Glossary of Hatchery terms
Glossary of Hatchery Feed Terms - A - B
Additive — An ingredient or combination of ingredients added to the basic feed mix or parts thereof to fulfil a specific need.
Aflatoxins — A group of extremely heat-stable mycotoxins, produced by strains of Aspergillus flavus and A. parasiticus, which exhibit fluorescence on UV radiation. Aflatoxins are toxic to a wide range of eukaryotes.
Agglomeration — A process that produces a cluster of finely ground ingredients or microcapsules. For larval feed production, two methods are often used: (a) Microextrusion Marumerization (MEM): in this two-step process the ingredients are pressed through a die or screen with very small holes using either a cold extruder or a cooking extruder to produce long noodles; these are then broken into lengths approximately the same as the diameter with a marumerizer (b) PARA - Particle-Assisted Rotational Agglomeration: a lower pressure method which uses a marumerizer but not an extruder. It is capable of producing shaped feed particles of less than 400 um in diameter.
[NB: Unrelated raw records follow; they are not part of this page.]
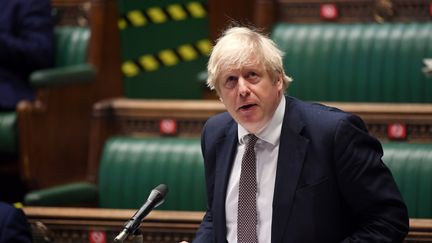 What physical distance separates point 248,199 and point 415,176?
0.64 meters

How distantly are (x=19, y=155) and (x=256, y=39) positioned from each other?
115cm

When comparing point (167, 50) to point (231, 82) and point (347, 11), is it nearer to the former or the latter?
point (347, 11)

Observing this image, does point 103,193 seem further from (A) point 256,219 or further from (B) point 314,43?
(A) point 256,219

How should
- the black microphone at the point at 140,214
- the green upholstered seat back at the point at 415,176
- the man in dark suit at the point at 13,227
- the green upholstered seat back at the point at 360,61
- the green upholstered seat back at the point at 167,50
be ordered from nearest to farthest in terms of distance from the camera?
Answer: the black microphone at the point at 140,214 → the man in dark suit at the point at 13,227 → the green upholstered seat back at the point at 415,176 → the green upholstered seat back at the point at 360,61 → the green upholstered seat back at the point at 167,50

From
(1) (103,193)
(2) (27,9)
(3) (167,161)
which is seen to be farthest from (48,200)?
(2) (27,9)

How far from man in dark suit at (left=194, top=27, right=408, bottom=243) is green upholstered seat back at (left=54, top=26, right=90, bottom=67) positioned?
4.03ft

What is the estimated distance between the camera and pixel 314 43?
2209mm

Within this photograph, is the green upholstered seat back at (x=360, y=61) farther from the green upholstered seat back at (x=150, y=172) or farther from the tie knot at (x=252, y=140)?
the tie knot at (x=252, y=140)

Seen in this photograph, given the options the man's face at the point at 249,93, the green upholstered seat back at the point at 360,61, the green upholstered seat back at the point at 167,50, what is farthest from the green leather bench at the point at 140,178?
the man's face at the point at 249,93

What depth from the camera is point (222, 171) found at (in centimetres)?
133

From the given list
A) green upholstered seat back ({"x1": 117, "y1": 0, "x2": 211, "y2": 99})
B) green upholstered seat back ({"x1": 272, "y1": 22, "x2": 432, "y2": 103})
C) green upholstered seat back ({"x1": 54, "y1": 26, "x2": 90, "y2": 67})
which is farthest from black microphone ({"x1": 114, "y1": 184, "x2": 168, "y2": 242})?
green upholstered seat back ({"x1": 117, "y1": 0, "x2": 211, "y2": 99})

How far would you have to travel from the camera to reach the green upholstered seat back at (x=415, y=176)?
182 centimetres

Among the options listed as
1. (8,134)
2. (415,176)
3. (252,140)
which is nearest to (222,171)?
(252,140)

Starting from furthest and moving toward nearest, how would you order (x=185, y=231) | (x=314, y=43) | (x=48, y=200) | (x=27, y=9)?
(x=27, y=9)
(x=314, y=43)
(x=48, y=200)
(x=185, y=231) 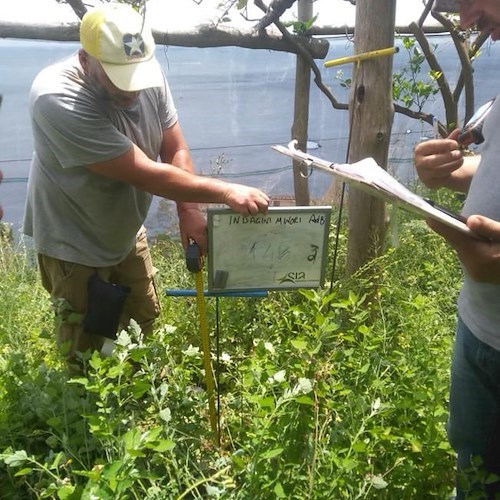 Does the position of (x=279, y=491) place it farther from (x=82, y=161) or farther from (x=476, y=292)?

Alevin — The larval stage of fish from hatching to the end of dependence on endogenous yolk as a source of nutrition. This term is often restricted to salmonids and related fish before they emerge from the spawning gravel or incubation substrate, to begin swimming freely.
Alga (plural: algae) — Primitive chlorophyll-containing mainly aquatic eukaryotic organisms lacking true stems and roots and leaves.
Alginates — Industrial product derived from brown algae (seaweeds).
Amphihaline — Aquatic species, which passes periodically at well defined stages of its life cycle, from salt water to freshwater and vice versa.
Androgen — (a) A fish that has only a male parent; all genes in an androgen come from the father (b) Anabolic steroid hormone that stimulates activity of accessory sex organs and sexual characteristics in males. They are often termed male sex hormones.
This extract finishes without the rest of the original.